Photo Credit: Laura Gerwin
Col. Denise M. Donnell, left, discusses mission requirements for the New York Air National Guard. She is
the first female commander of the Air Expeditionary Group for Support Forces Antarctica.
Donnell first female commander of Air Expeditionary Group for military in Antarctica
By Laura Gerwin, Special to the Sun
Posted June 15, 2015
Col. Denise M. Donnell has chased pirates in the South China Sea and flown all manner of aircraft, from the sub-hunting P-3 Orion to the massive, cargo-carrying C-5 Galaxy. But perhaps one of the best parts of her job brings her to Antarctica each austral summer.
The first female commander of the Air Expeditionary Group (AEG) for Support Forces Antarctica, Donnell oversees all the moving parts of the military support – known as Operation Deep Freeze – at McMurdo Station in coordination with the National Science Foundation, which manages the U.S. Antarctic Program.
“The sense of being part of something bigger than yourself, whether it is the National Science Foundation or the New York Air National Guard, is a pretty incredible feeling and one of the best things I have got out of being in the military,” says the pilot, wife and mother of two. “It’s an opportunity of a lifetime to be in Antarctica.”
When not on the Ice, Donnell is the commander of the 109th Maintenance Group of the 109th Airlift Wing at Stratton Air National Guard Base in New York. The 109th Airlift Wing works to support the 139th Airlift Squadron, which is tasked primarily with flying the ski-equipped LC-130 across the continent. The position of AEG commander rotates among several officers during the season.
The daughter of a Navy doctor dad and a Navy nurse mom, it just made sense to go to Georgetown University, graduate in international politics and become a pilot. After falling in love with a former Army Ranger and moving to New York, Donnell flew with the Air National Guard before accepting the position of group commander.
“One of the best jobs in the Air Force is maintenance officer and pilot,” she explains. “You just can’t beat that combination. I get to fly the airplanes and work with the guys who fix them; it’s the best of both worlds.”
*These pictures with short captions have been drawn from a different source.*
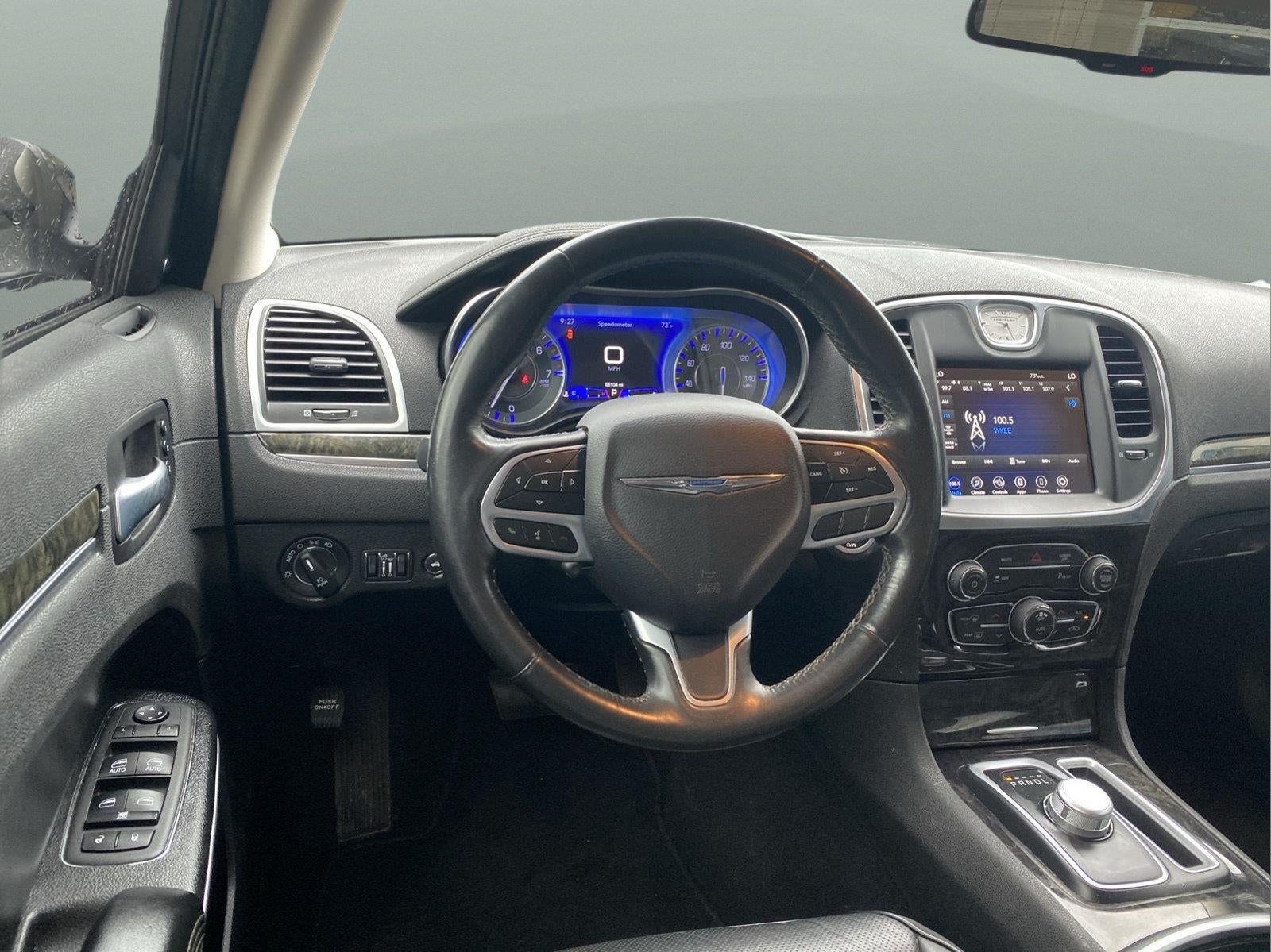 2021 Chrysler 300 Touring L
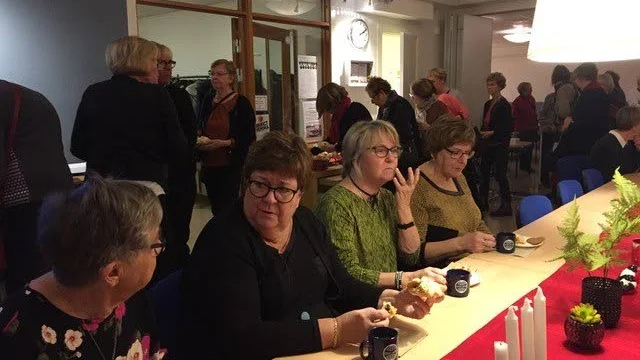 Julfika och musikquiz.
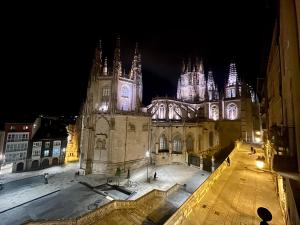 Atuaire Home Balcón con Vistas a la Catedral de Burgos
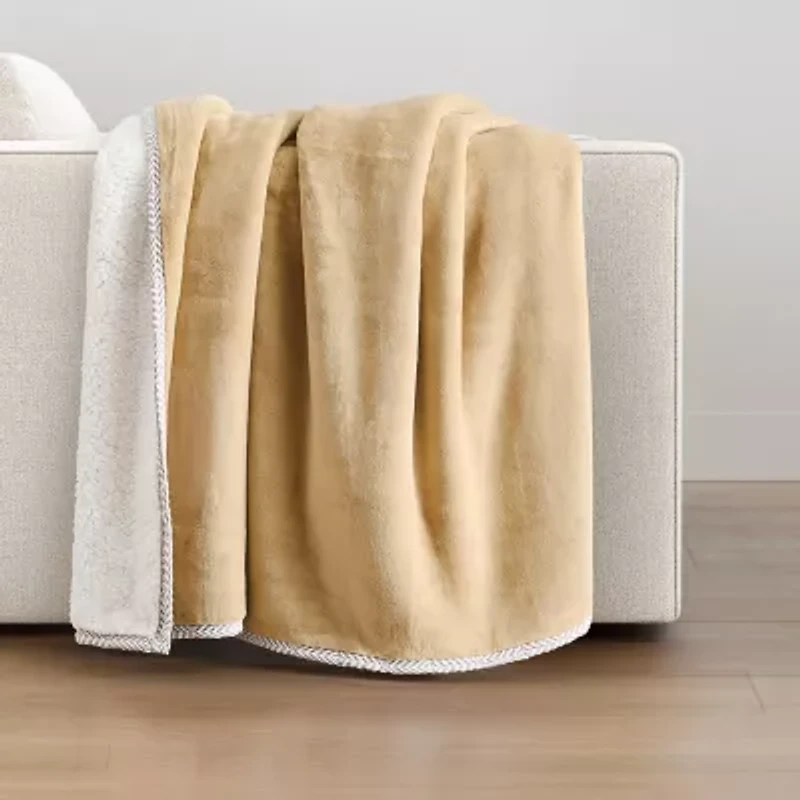 Brooklyn Loom Super Soft Braided Washable Throw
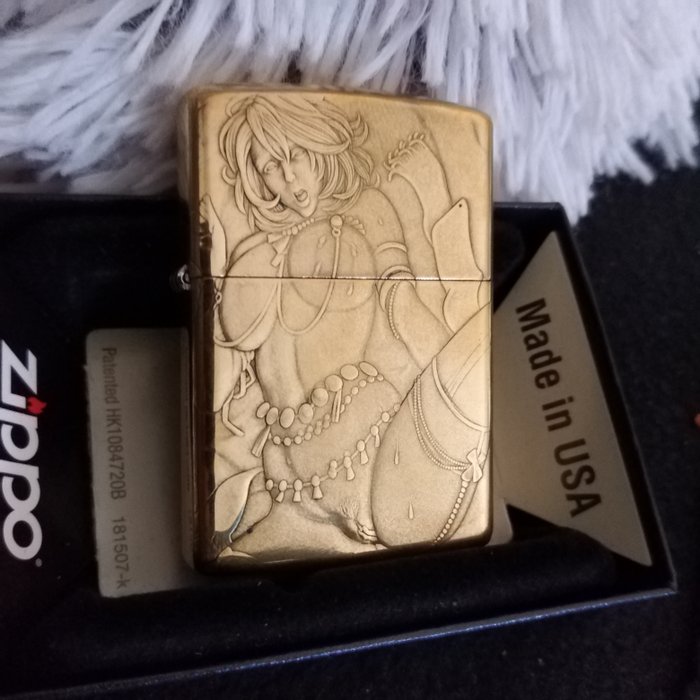 Zippo - 3D Relief - Sexiest Girl - armor case - golden brass - new - Lommelighter - Stål (rustfrit)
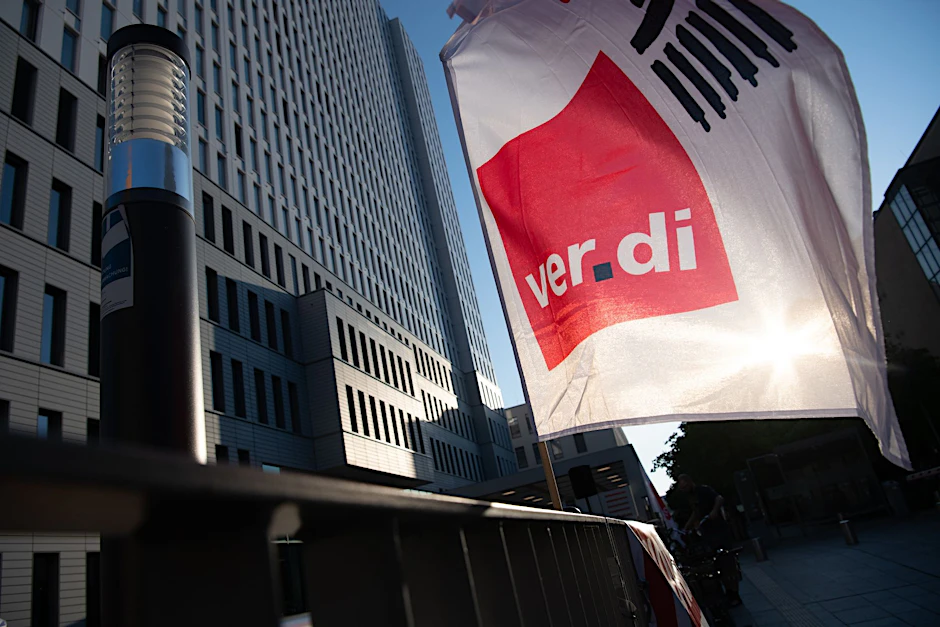 Eine Fahne der Gewerkschaft Verdi weht vor dem Bettenhaus der Charité.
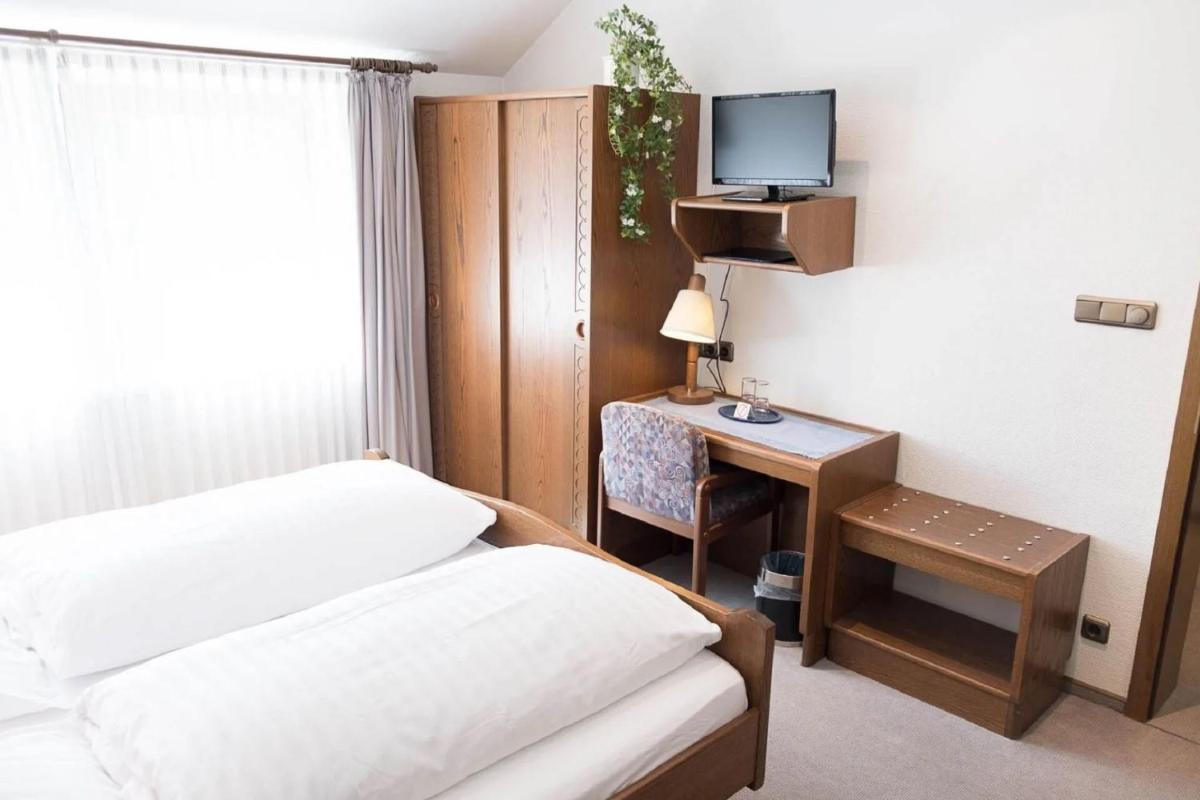 Pension Isernhagen - Housity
This non-traditional role is a bit like having two full-time jobs, but Donnell feels it helps give her a better perspective. The colonel has flown a variety of aircrafts: the P-3 Orion sub-hunter, the C-5 Galaxy, the C-17 Globemaster and the LC-130 Hercules to name a few.
“The C-5 is big and opens both from the front and back, and the C-17 is just cool,” she says.
Her strategy for balancing family and career is getting eight hours of sleep a night and having a supportive husband. Maintaining a sense of humor and situational awareness also helps to keep a balance. When not far from home, Donnell loves to hold her kids’ hands and is on her way to hiking the highest 46 peaks in the Adirondacks, having summited three so far.
She also wants to learn how to play the piano, laughing as she says, “We own a piano and that’s the first step.”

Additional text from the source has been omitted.